*Data for this task*
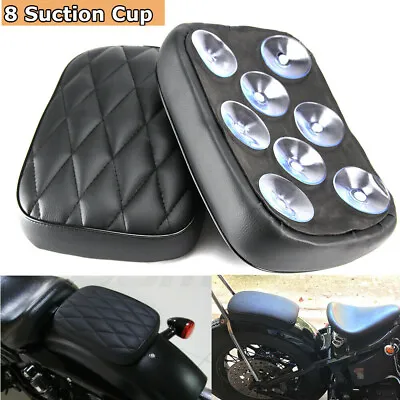 Leather Passenger Solo Seat Pillion Pad 8 Suction Cups Fit For Harley Motorcycle • $16.87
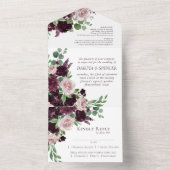 Moody Passions | Dramatischer Lila Wein Rose All In One Einladung (Innen Boden)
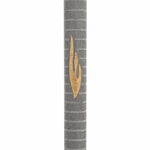 Yerushalayim extra large gray Jerusalem stone mezuzah, 9 inches, plain face with gold band, shown on white.
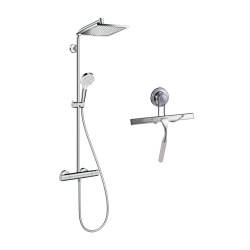 Hansgrohe Colonne de douche Crometta E 240 EcoSmart + raclette de douche avec ventouse, chrome (27281000-E32)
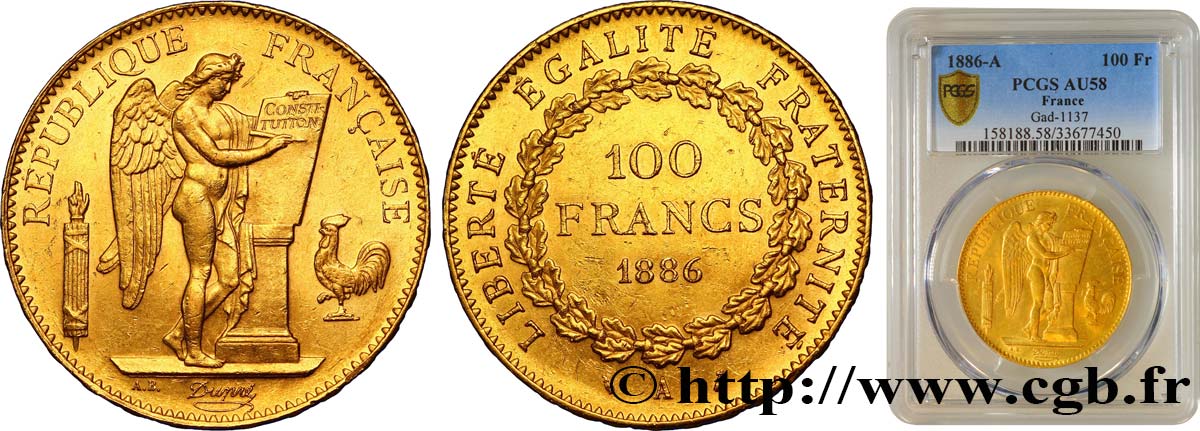 100 francs or Génie, tranche inscrite en relief Dieu protège la France 1886 Paris F.552/7 EBC58 PCGS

*Task to complete*
Nothing but the lines from the line containing "Hansgrohe Colonne de" through the end of the records belongs in the answer, written out exactly, both ends included, without pictures.

*Completed exercise*
 Hansgrohe Colonne de douche Crometta E 240 EcoSmart + raclette de douche avec ventouse, chrome (27281000-E32)
 100 francs or Génie, tranche inscrite en relief Dieu protège la France 1886 Paris F.552/7 EBC58 PCGS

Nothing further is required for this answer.